A tragic event like the Moncton, N.B., shooting and murder of RCMP officers last week galvanizes the national attention and touches all human hearts.

It's also a time for journalists to take great care, right from the outset.

In this case, for instance, there was concern for the families of the victims. Journalism is often, quite properly, a race to break news first. But at CBC News we believe that the families of crime victims should hear the news from family, clergy or officials, not from the media, and we ensured that our journalists reflected this philosophy.

The accused shooter remained at large for some time after the shooting. A manhunt was underway in an urban area, police communications were crackling through the airwaves, and in some cases reporters and police were rubbing shoulders as they did their jobs. In a situation like this, journalists can sometimes overhear information about police operations. Again, we issued a note to staff reminding them that we don't publish or broadcast anything that might compromise the safety or success of a police operation.

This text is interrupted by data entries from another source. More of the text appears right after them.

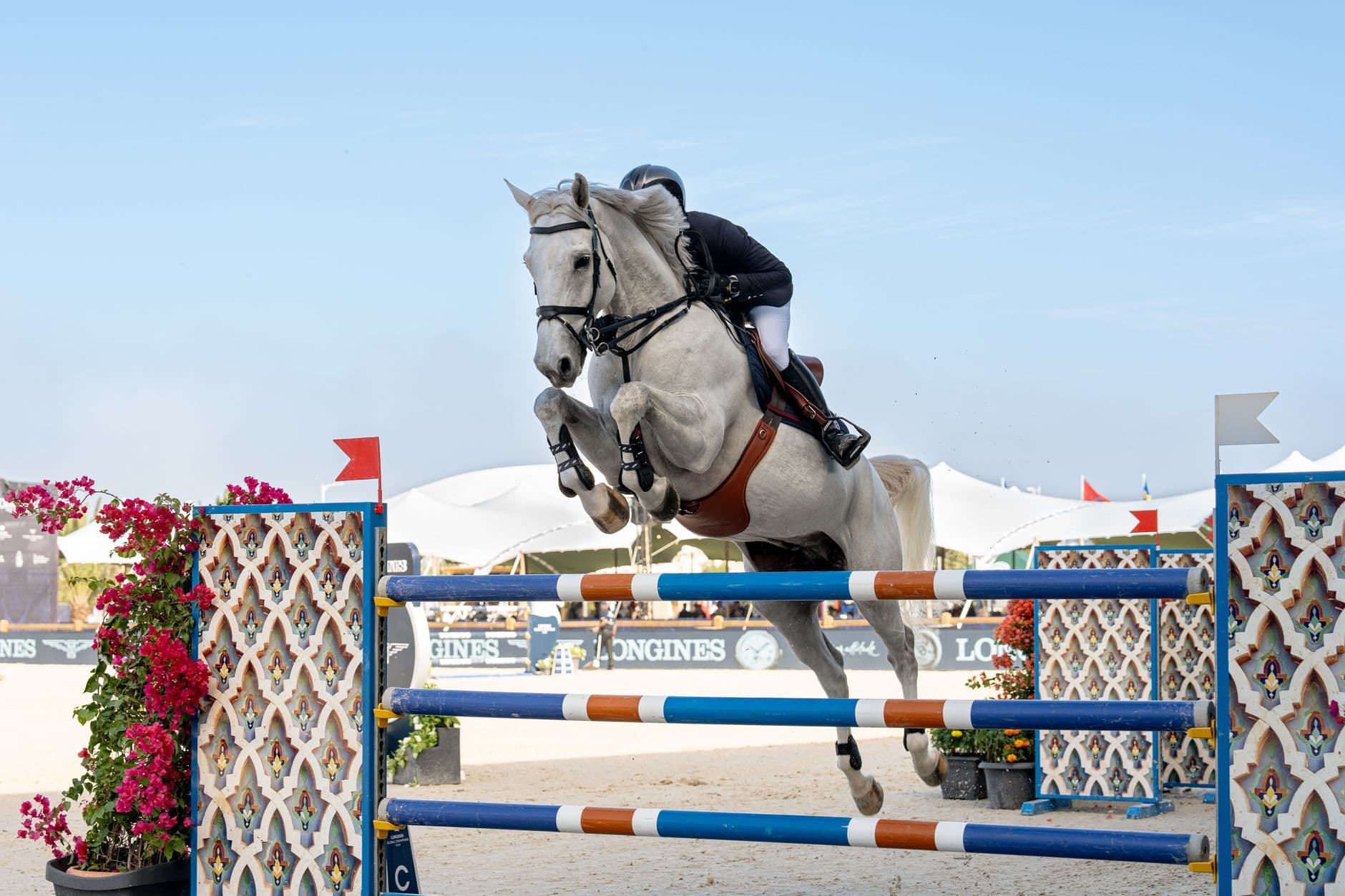 Paysage · concours, saut d’obstacles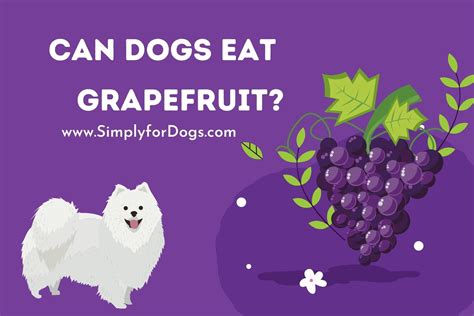 Can Dogs Eat Grapefruit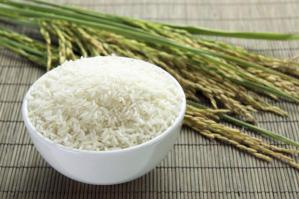 Be91894929a807d5bac185a77d250af9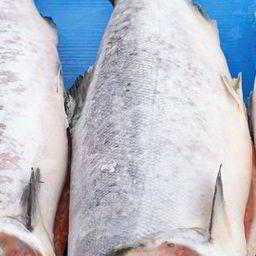 Скопившийся лосось грозит вызвать ЧС в области здравоохранения. Фото с сайта Shutterstock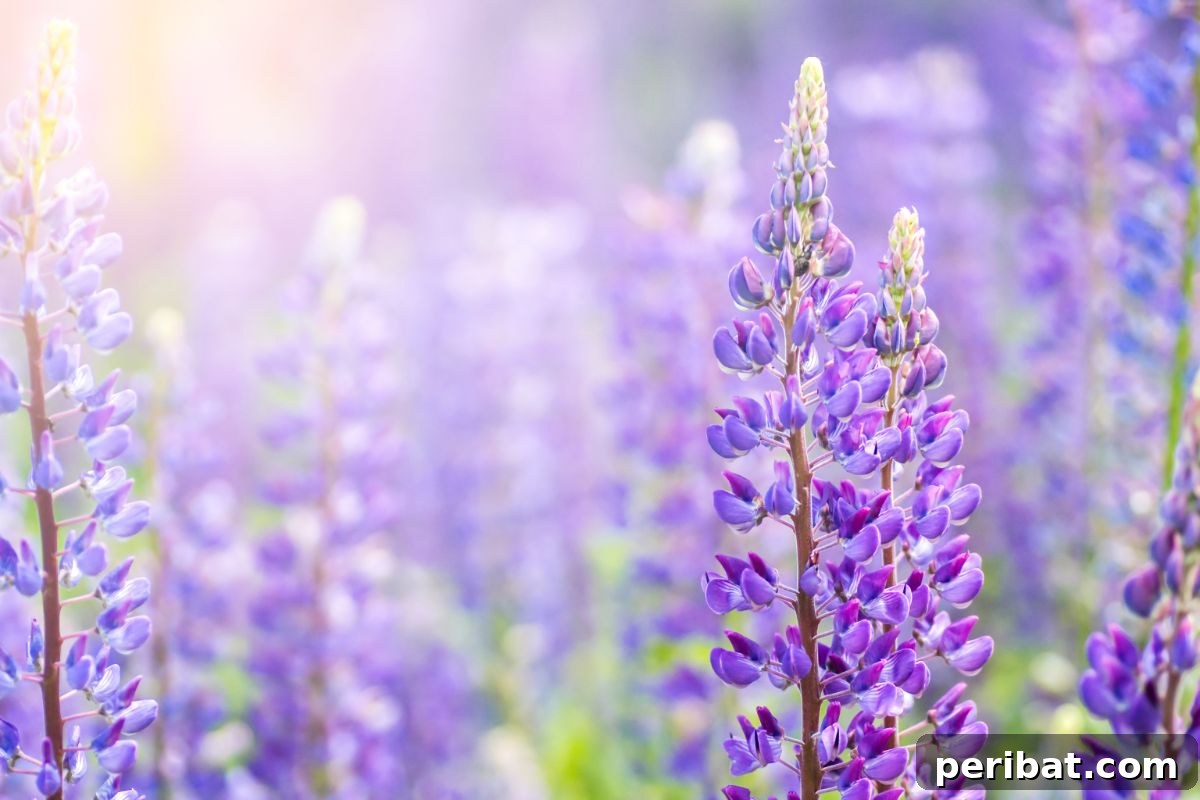 Hummingbird Haven: 30 Flowers for a Buzzing Garden 11 Majestic purple lupine flowers blooming under the warm sun, creating a picturesque field.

The night of the shooting, home video of a family reacting in shock to what they'd seen during the shootings was aired by CBC News Network, with warnings about its troubling nature. But later we pulled it from broadcast. Some viewers believed that the images in the video showed an RCMP officer fall under fire. Although a frame-by-frame review by our editors determined that no such scene was included, we decided that the upset public reaction outweighed the value of the visuals.

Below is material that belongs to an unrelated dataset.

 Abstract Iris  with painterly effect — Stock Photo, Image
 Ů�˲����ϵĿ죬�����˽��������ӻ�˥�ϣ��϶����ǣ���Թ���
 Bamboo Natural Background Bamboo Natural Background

There's understandably been a great deal of reaction to the Moncton shootings, and to media coverage of them, just as there was a week or so earlier after the shootings in Santa Barbara, California. Among other things, there is a feeling of great hostility to the person responsible.

Some individuals, and even some media organizations, are making the argument that in situations like these, the shooter's name should not be mentioned in news coverage. To name him, the argument goes, satisfies that person's desire for glorification; to omit the name thwarts the desire for fame that drove him to commit his murderous crimes. (We've used the masculine in this note for the obvious reason--almost all of these stories involve male perpetrators.)

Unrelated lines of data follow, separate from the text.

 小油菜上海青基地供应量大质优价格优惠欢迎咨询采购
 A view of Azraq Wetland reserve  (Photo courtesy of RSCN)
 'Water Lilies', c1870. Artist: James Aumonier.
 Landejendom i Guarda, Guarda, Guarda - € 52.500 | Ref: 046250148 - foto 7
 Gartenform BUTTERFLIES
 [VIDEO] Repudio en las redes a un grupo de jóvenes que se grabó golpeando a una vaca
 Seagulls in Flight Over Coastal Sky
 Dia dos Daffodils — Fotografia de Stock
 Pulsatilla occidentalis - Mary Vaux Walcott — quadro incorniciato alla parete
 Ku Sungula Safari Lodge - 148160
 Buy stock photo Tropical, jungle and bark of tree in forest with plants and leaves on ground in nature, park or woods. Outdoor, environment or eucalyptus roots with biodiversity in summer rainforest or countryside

At CBC News, we've given this suggestion serious thought but will continue to report the details of these news stories as we do all others.

That's our job, to report the news and the facts of what's happened, not to censor them. The suggested approach--to blot out the name of the killer--goes against that fundamental of news coverage. And it has two other failings.

First, it suggests that news coverage isn't about reporting what's happened, but rather about rewarding newsmakers or withholding rewards from them. Behave properly and your name appears. Behave in a way that shocks the public's conscience, and your name will be erased. Apart from being a slippery slope, it's a terribly flawed approach to journalism.

Second, it requires a psychoanalysis of the shooter. In this scenario, if journalists conclude a person was just angry, or crazy, or mean... then the name will be reported. But if they somehow guess that the motivation was fame... it won't. This calls for divinations of motive far beyond the skill set of even the most perceptive reporter.

CBC News will continue to report these names. This doesn't mean we're rigid and doctrinaire about reporting everything, no matter the consequence. Our Journalism Standards and Practices document provides for a number of situations in which names may be omitted--where children are concerned, for example, or in the case of some suicides.

In the end, it's a sad reality that killers' and villains' names sometimes live on and are far better known than those of their victims. But at the same time, most of the names of the perpetrators of infamous mass shootings eventually will fade away. Columbine. Virginia Tech. Dawson College. Most people will have forgotten all but the place-names by now, and not because of an emotional reaction by journalists to expunge facts from news coverage.